Task objective: Please repeat exactly the lines below from the line with "Kanye in the" to the line with "- W�adimir Czernawin", including both, and leave out every picture.

Supplied records:
------------------------

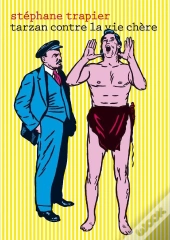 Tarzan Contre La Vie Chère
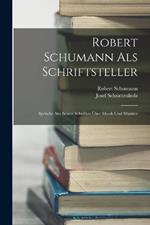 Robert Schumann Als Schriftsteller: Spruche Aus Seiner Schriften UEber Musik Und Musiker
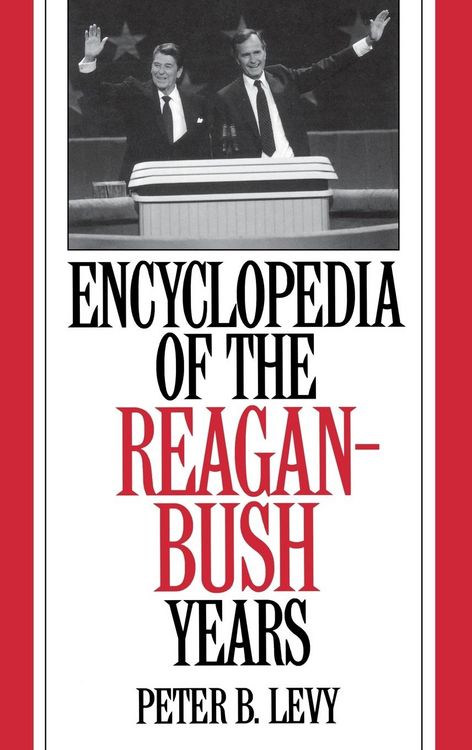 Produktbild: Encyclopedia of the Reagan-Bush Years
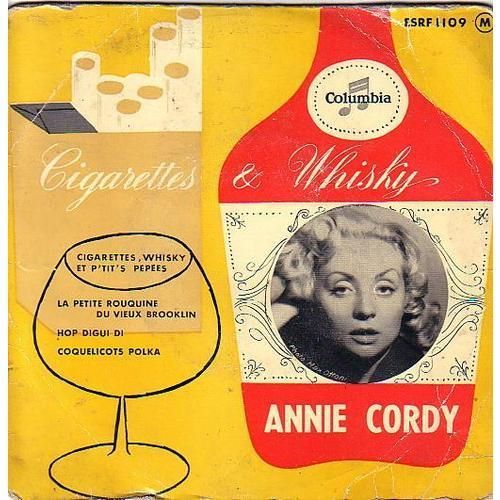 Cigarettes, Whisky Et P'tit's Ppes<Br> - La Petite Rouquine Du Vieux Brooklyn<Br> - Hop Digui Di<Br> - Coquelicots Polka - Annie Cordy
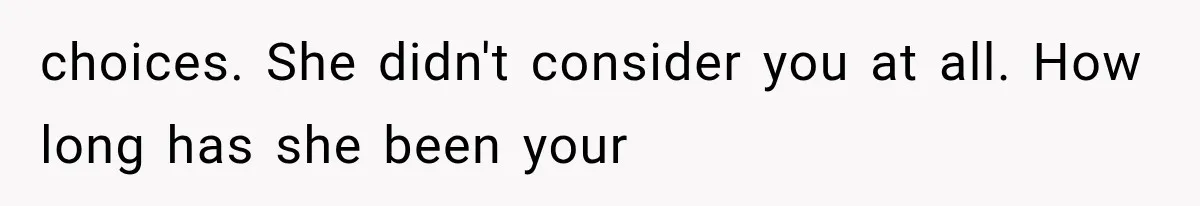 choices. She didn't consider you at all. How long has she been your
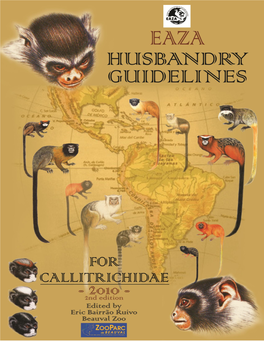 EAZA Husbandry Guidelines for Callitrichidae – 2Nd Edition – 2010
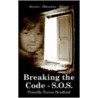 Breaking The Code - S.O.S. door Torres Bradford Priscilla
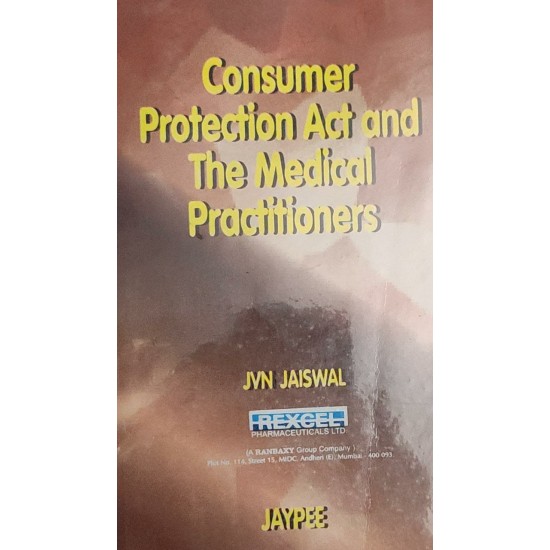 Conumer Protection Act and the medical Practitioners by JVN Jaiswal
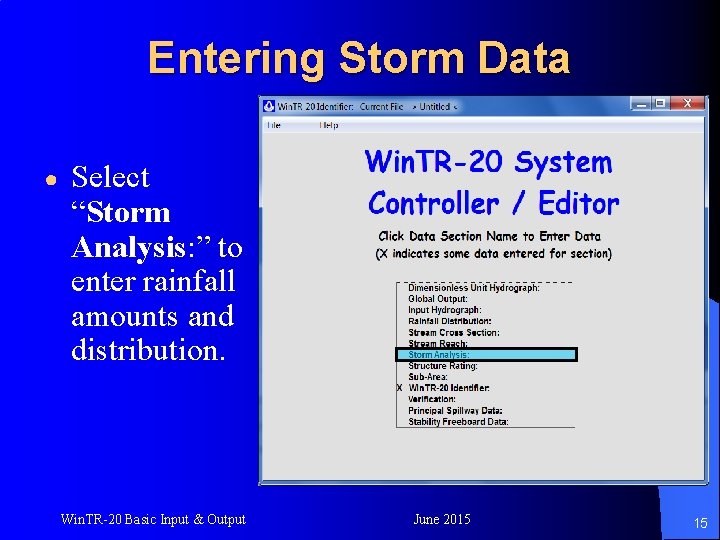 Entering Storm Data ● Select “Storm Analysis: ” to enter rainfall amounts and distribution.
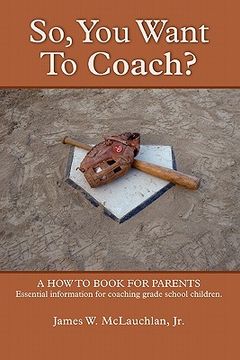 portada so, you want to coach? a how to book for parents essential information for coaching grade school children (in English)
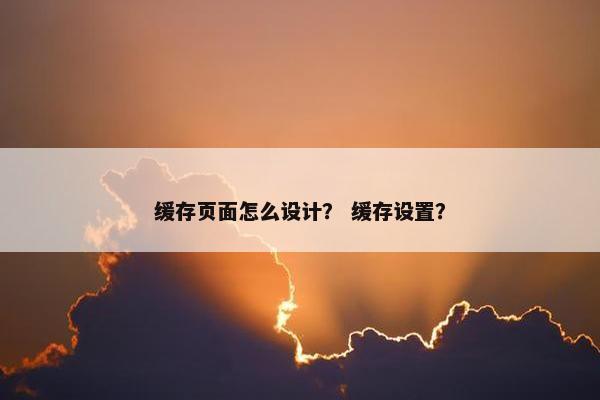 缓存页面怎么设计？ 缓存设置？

------------------------

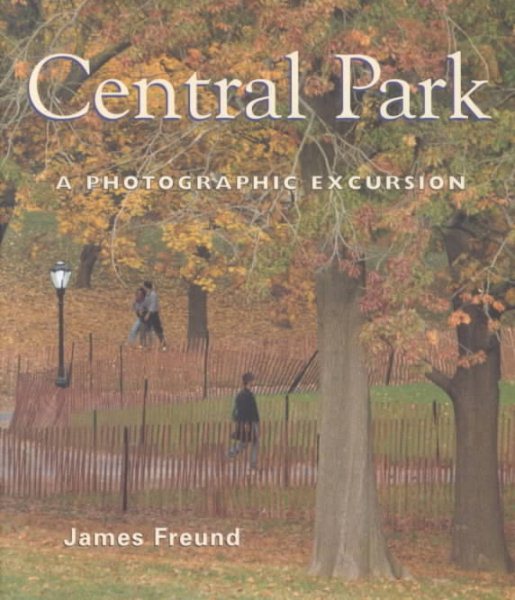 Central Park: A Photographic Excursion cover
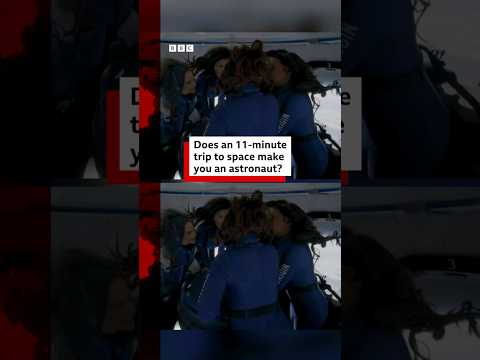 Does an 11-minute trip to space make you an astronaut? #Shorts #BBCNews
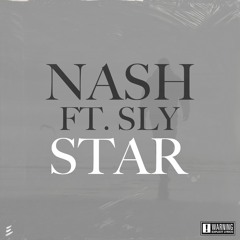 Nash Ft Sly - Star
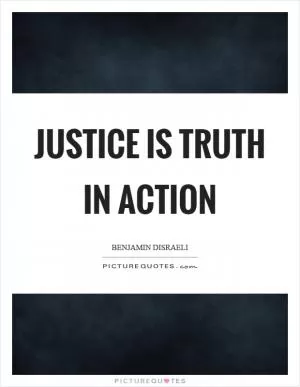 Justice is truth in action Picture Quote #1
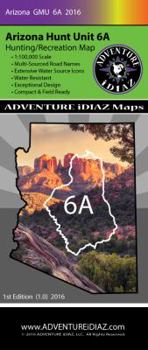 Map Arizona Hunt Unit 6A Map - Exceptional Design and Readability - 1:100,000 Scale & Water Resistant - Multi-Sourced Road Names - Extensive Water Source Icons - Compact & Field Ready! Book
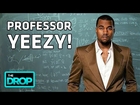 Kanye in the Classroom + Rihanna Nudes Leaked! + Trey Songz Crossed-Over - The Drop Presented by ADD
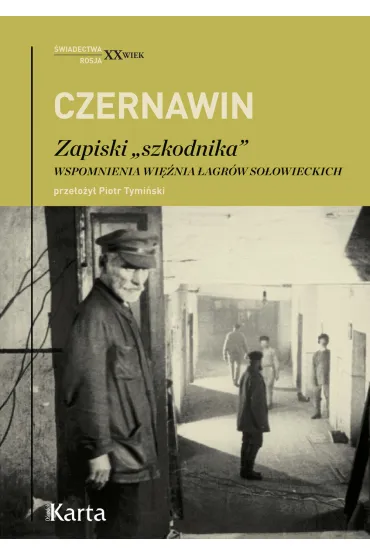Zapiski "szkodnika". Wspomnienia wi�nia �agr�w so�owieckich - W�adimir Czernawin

------------------------

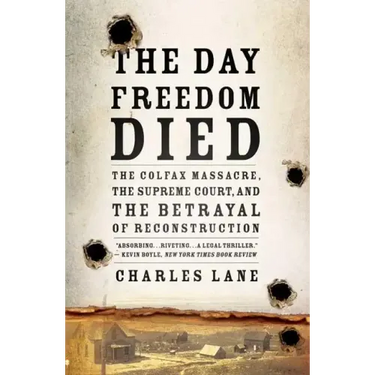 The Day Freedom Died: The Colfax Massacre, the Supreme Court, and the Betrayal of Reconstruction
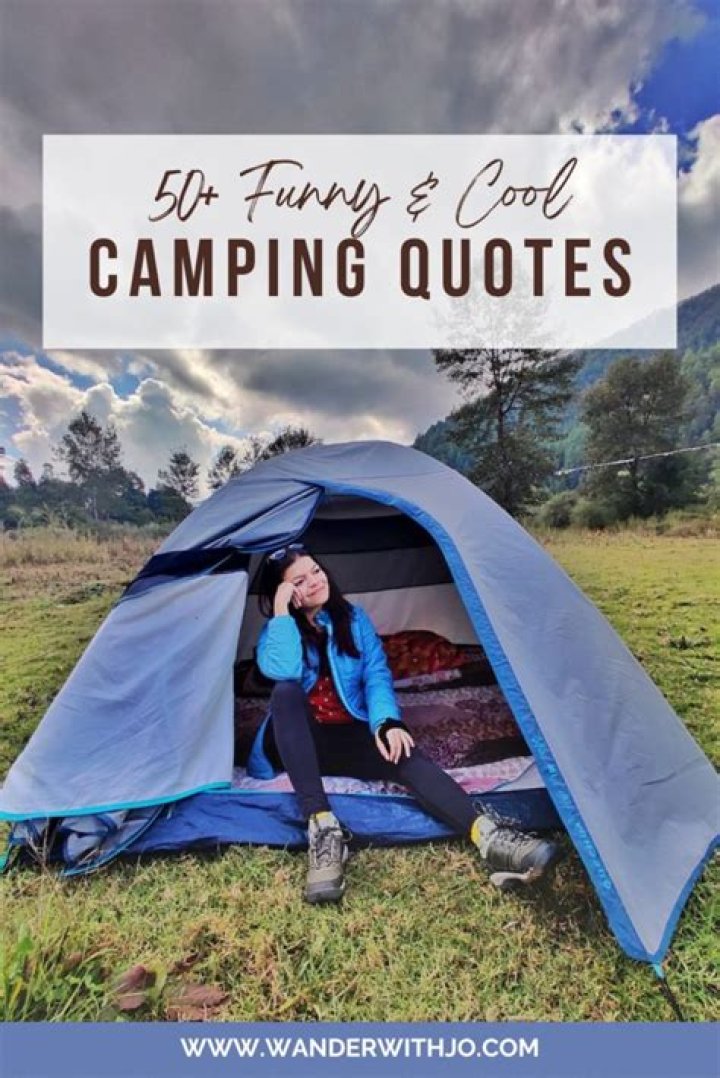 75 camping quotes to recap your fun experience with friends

------------------------

The completed task:
 Kanye in the Classroom + Rihanna Nudes Leaked! + Trey Songz Crossed-Over - The Drop Presented by ADD
Zapiski "szkodnika". Wspomnienia wi�nia �agr�w so�owieckich - W�adimir Czernawin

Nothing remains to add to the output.